/---

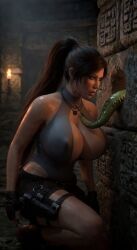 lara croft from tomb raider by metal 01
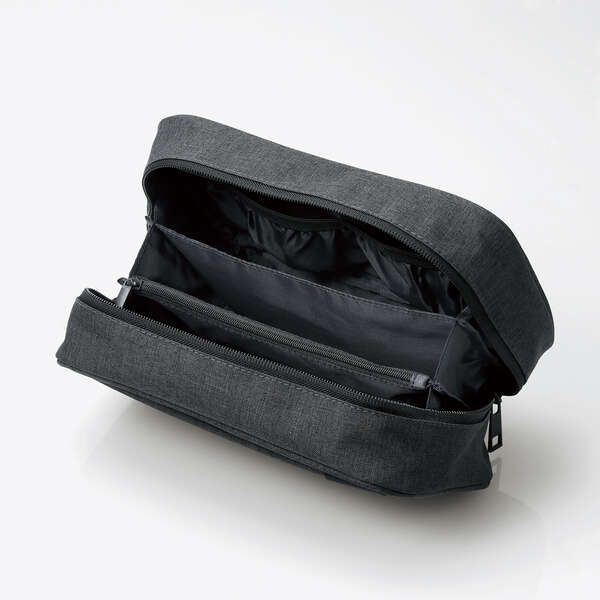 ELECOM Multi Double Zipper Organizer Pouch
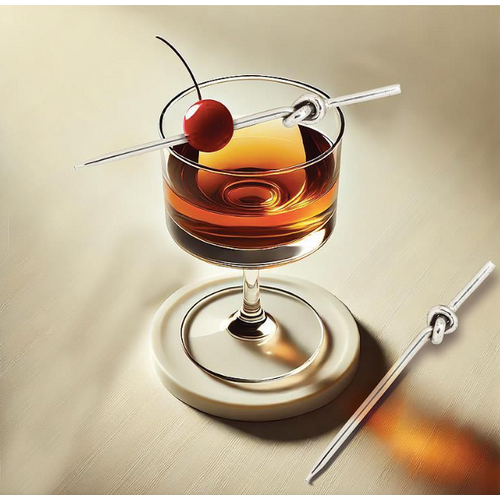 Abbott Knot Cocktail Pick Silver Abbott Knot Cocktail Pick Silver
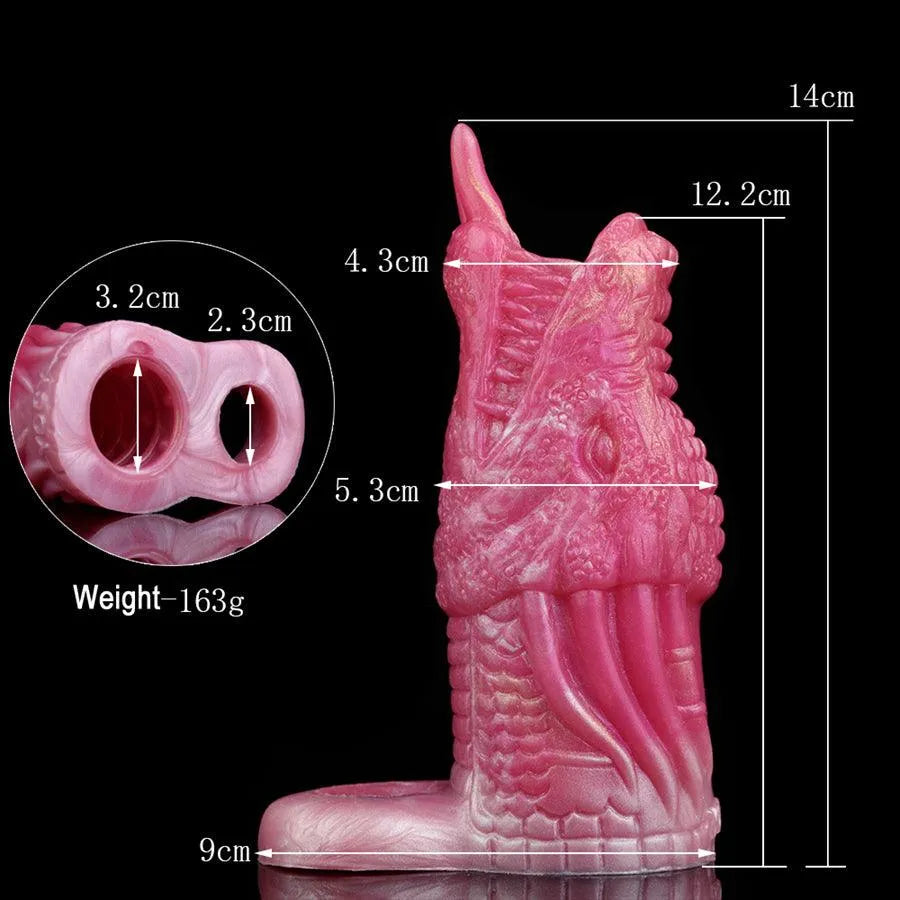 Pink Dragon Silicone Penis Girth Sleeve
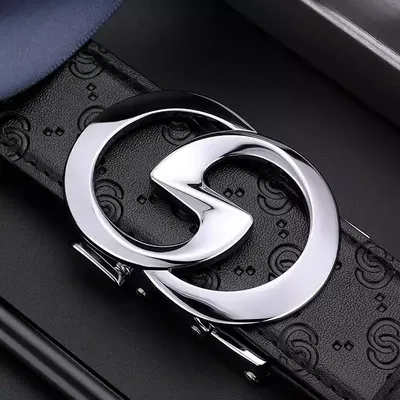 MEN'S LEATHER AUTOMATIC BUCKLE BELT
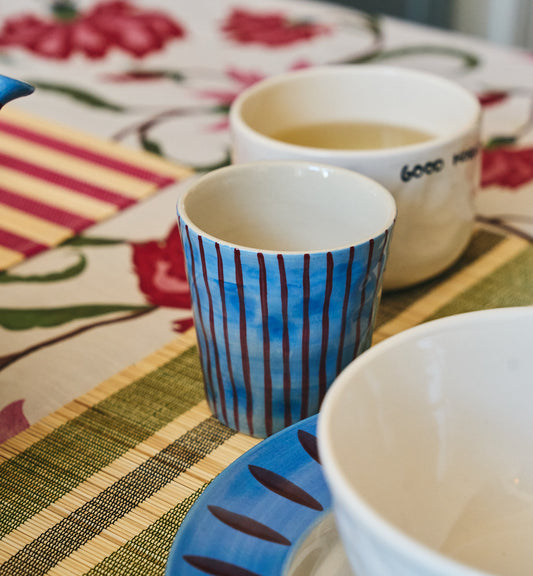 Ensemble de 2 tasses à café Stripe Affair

\---

• _WORK TO BE COMPLETED_
Please write out, exactly, every line from the line with "ELECOM Multi Double Zipper Organizer Pouch" through the final line of the data above, leaving out pictures.

• _RESPONSE TO THIS TASK_
 ELECOM Multi Double Zipper Organizer Pouch
 Abbott Knot Cocktail Pick Silver Abbott Knot Cocktail Pick Silver
 Pink Dragon Silicone Penis Girth Sleeve
 MEN'S LEATHER AUTOMATIC BUCKLE BELT
 Ensemble de 2 tasses à café Stripe Affair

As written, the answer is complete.